$$\lim_{n \to{+}\infty}{\int_{0}^{\infty}}\frac{n\sin\frac{x}{n}}{x(1+x^2)}dx$$
$$\lim_{n \to{+}\infty}{\int_{\mathbb{R^2}}}\frac{\arctan(n\left\|{x}\right\|)}{(1+\left\|{x}\right\|^2)^2}dx$$
Could anyone to help me in this two integrals?
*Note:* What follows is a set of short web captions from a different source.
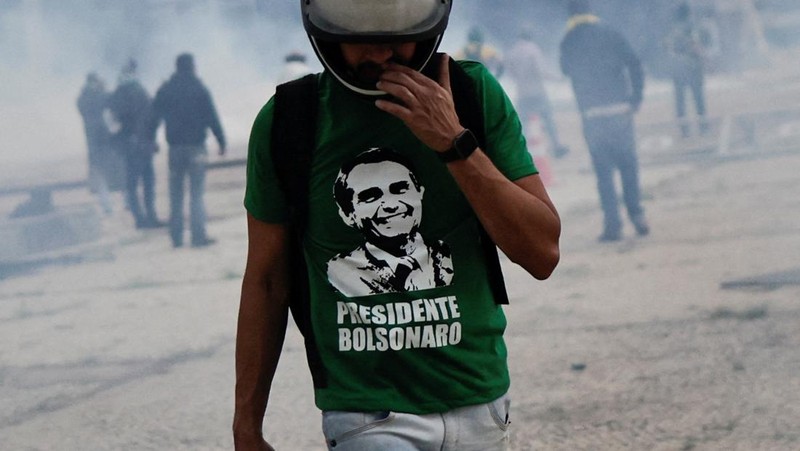 Ribuan warga pendukung mantan Presiden Brasil Jair Bolsonaro menyerang gedung kongres, Mahkamah Agung dan Istana Presiden Brasil. (REUTERS/UESLEI MARCELINO)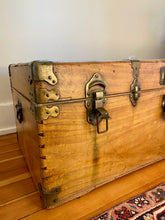 Load image into Gallery viewer, VINTAGE TRUNK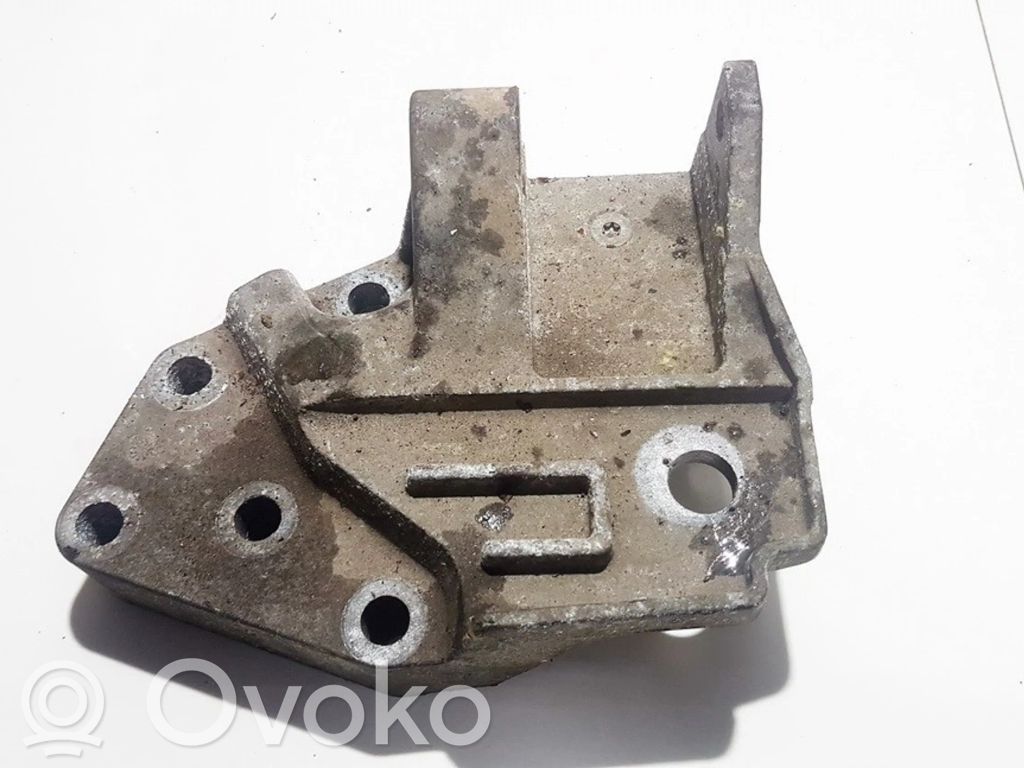 Land Rover Freelander 2 - LR2 Łapa / Mocowanie silnika 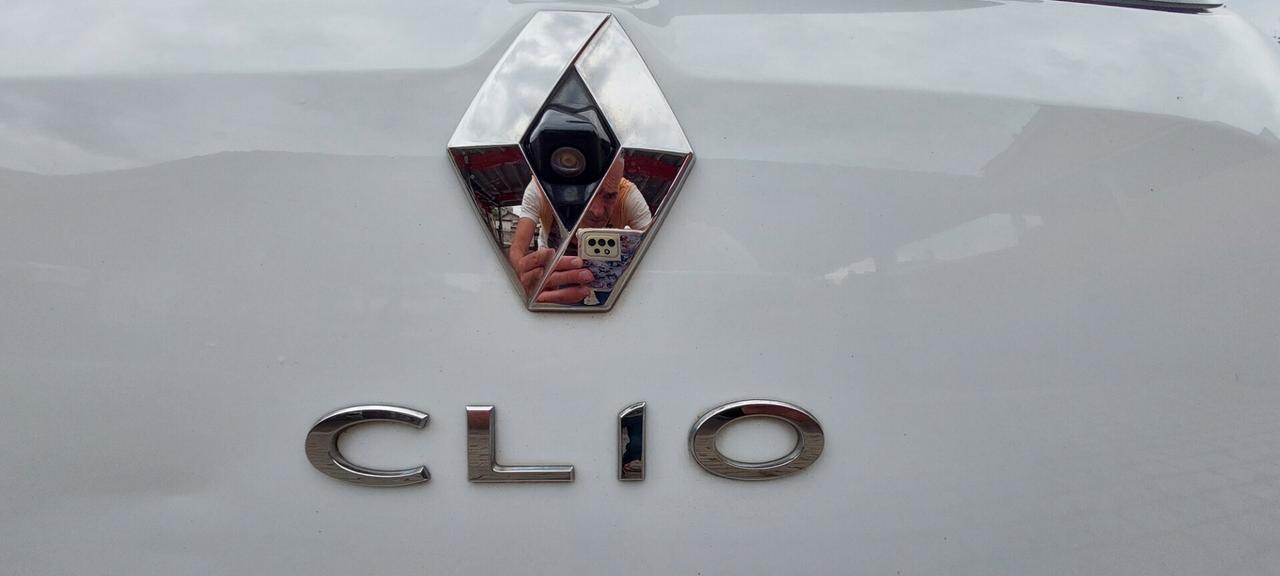 CLIO 1,5 DIESEL 90 CV DUEL NAVIGATORE LED CRUISE SENSORI X NEOPATENTATI IMPECCABILE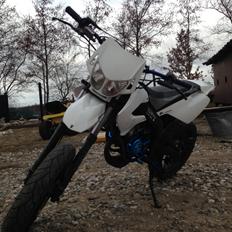 Derbi Senda SM 50 LC DD GHOST MACHINE!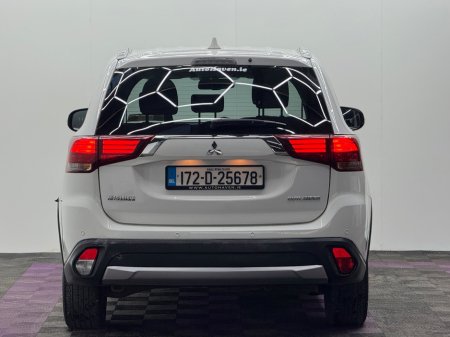 2017 Mitsubishi Outlander - thumbnail 5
Thank you very much!
On
Following Integrand's comment and Oliver Diaz' suggestion for the second limit, it follows that $$ \begin{align} \lim_{n\rightarrow\infty}\int_{\mathbb{R}^2}\frac{\arctan(n\|x\|)}{(1+\|x\|^2)^2}\,dx&=\frac{\pi}{2}\int_{\mathbb{R}^2}\frac{dx}{(1+\|x\|^2)^2}\\ &=\frac{\pi}{2}\int^\infty_0\int^{2\pi}_0\frac{r}{(1+r^2)^2}\,d\theta\,dr\\ &=\pi^2\int^\infty_0\frac{r\,dr}{(1+r^2)^2}=\frac{\pi^2}{2}\int^\infty_0\frac{2r\,dr}{(1+r^2)^2}\\ &=-\frac{\pi^2}{2}\frac{1}{1+r^2}\Big|^\infty_0=\frac{\pi^2}{2} \end{align} $$
Hint: Dominated integration
For the first integral for instance using the fact that $|\sin y|/|y|\leq 1$ for all $y$ (with the convention is $\frac{\sin y}{y}=1$ for $y=0$), one gets
$$ \frac{n\sin\tfrac{x}{n}}{x(1+x^2)}\leq \frac{1}{1+x^2}$$
As $\lim_{n\rightarrow\infty}\frac{n\sin\tfrac{x}{n}}{x}=1$ for each $x$, by dominated convergence
$\lim_{n\rightarrow\infty}\int^\infty_0\frac{n\sin\tfrac{x}{n}}{x(1+x^2)}\,dx =\int^\infty_0\frac{1}{1+x^2}\,dx=\arctan(x)|^\infty_0=\frac{\pi}{2}$
For the second integral, notice that $|\arctan(y)|\leq\frac{\pi}{2}$ and that $\lim_{y\rightarrow\infty}\arctan(y)=\frac{\pi}{2}$. I leave the remaining details to you.